Tranquility along the Mersey
Unless you’re on a Beatles tour, Liverpool isn’t high on anyone’s must-see list. But Port Sunlight is a reason to venture nearby. This village of fewer than 1,500 souls is where Lever Brothers­–now Unilever–set up a corporate utopian experiment in 1887, named for their popular soap product. Corporate benevolence faded in the 1980s, but Port Sunlight remains a sylvan bubble within an otherwise gritty postindustrial corridor. When you get off the train at Bebington, litter and seediness are all around. Then you walk through a tunnel to the Port Sunlight side and everything is green and tidy as a pin. Lever Brothers built all manner of amenities for workers: parks, wetlands, sturdy brick row homes, free schools, a swimming pool, and even a temperance hotel. The goal was to educate, Christianize, and elevate workers. The crowning jewel is the Lady Lever Art Gallery, which features Pre-Raphaelite paintings of such quality that you’d need to ferry across the Mersey to Liverpool to see anything that rivals it.

Xi Valley
I was underwhelmed by China, a nation hell-bent on obliterating its past in the name of generic modernity. One exception, though, is the Xi Valley. Cruise down the river that cuts through sugarloaf mountains, small villages, and riverside fields tended according to time-honored methods. In no time, you will understand every Chinese watercolor you’ve ever seen. You can also sample snake wine if you can get past the pickled poisonous serpent in the bottle. I didn’t. I couldn’t.

Take that Sydney!
Valencia always staggers visitors to Spain. It’s the place to eat to eat paella, is filled with its own blend of Gothic architecture, has nearly two dozen museums, and is home to vestiges of Roman, Muslim, and medieval cultures. It even has a sunny Mediterranean beach and holds what seems to be some sort of festival every week. But what really grabs the eye is its City of Arts and Sciences. Until 1957, the Turia River periodically flooded the city, leaving swaths of death and destruction. That year, the city diverted the flow of the river around rather than through the city. Twelve kilometers of old riverbed is now a sunken park whose greenery is strategically offset by some of the world’s most innovative architecture. You can see jaw-dropping examples from such masters as Felix Candela and Santiago Calatrava. The latter’s opera house puts the one in Sydney to shame. It’s what you get if you crossed a hooded cobra with a bicycle helmet.

The hills are alive...
Switzerland has many charms, but to get your full Heidi on, head for the village of Gruyeres, as in the cheese. Pig out on raclettes, paving stones of cheese that come with a tableside contraption that melts it for easy schmears on your delivery device of choice. There is a castle, an arts center, loads of eateries, and stunning scenery, including mountainside pasturelands. Plan your visit well and part of the journey involves a narrow-gauge open car train that wends through Alpine villages, where school children and shoppers hop on and off.
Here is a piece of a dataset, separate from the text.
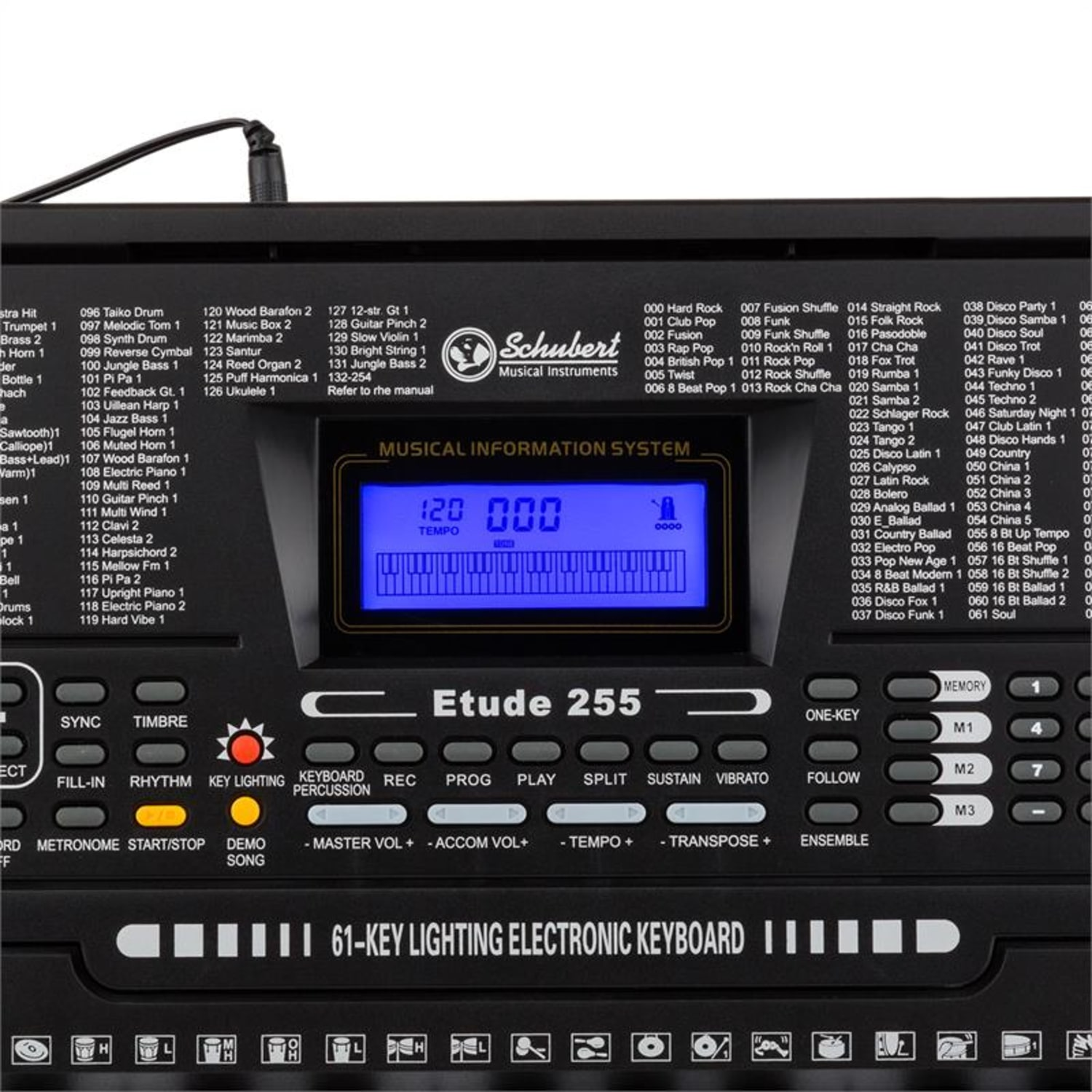 Eine schwarze elektronische Tastatur mit blauem Bildschirm. Text und Tasten sind für Musikfunktionen beschriftet.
Shetlands most colorful residents
If that’s not rural enough for you, try Scotland’s Shetland Islands where you can get up close and personal with puffins at Sumburgh Head near the airport. Rent a car because the Shetlands are all about nature. It lies 110 miles north of the rest of Scotland and consists of over 100 islands, just 16 of which are inhabited. Oddly, its biggest island is called Mainland, where one finds Lerwick, its only sizable settlement whose 7,000 residents make up one-third of those who live in the Shetlands. As you might expect, not much happens on the isles—unless you go in winter for Up Helly Aa, a Viking fire festival. The Shetlands are definitely more Norse than Scottish. Be independent; it can be hard to find decent food, but the pubs and beer are warm, there is amazing music to be heard, and Iron Age culture to explore.